We are very much willing to welcome any kind of contribution whether it is bug report, bug fixes, contributions to the
existing codebase or improving the documentation.
### Where to start ?
Please look at the [Github issues tab](https://github.com/CGnal/cgnal-core/issues) to start working on open
issues
### Contributing to cgnal-core
Please make sure the general guidelines for contributing to the code base are respected
1. [Fork](https://docs.github.com/en/get-started/quickstart/contributing-to-projects) the cgnal-core repository.
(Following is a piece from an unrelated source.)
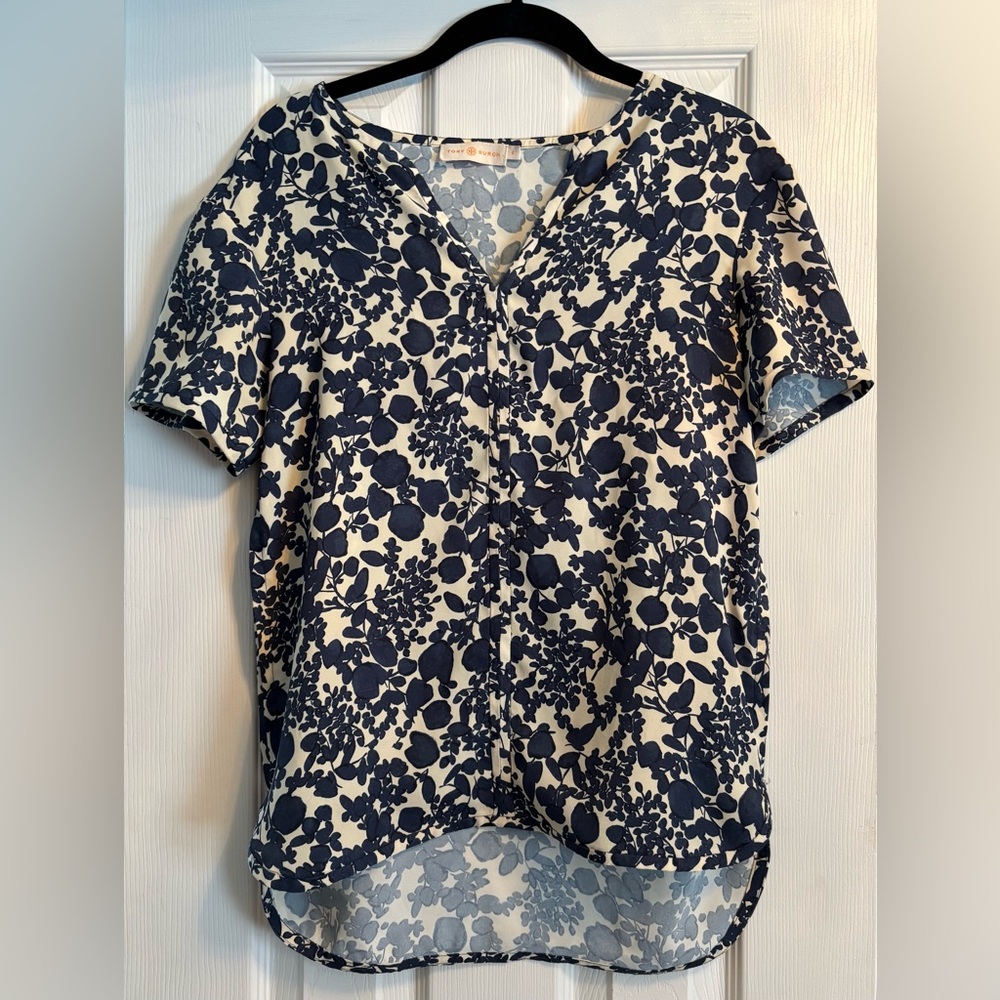 Tory Burch Blue and Cream Blouse with Elegant Design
2. Create/choose an issue to work on in the [Github issues page](https://github.com/CGnal/cgnal-core/issues).
3. [Create a new branch](https://docs.github.com/en/get-started/quickstart/github-flow) to work on the issue.
4. Commit your changes and run the tests to make sure the changes do not break any test.
5. Open a Pull Request on Github referencing the issue.
6. Once the PR is approved, the maintainers will merge it on the main branch.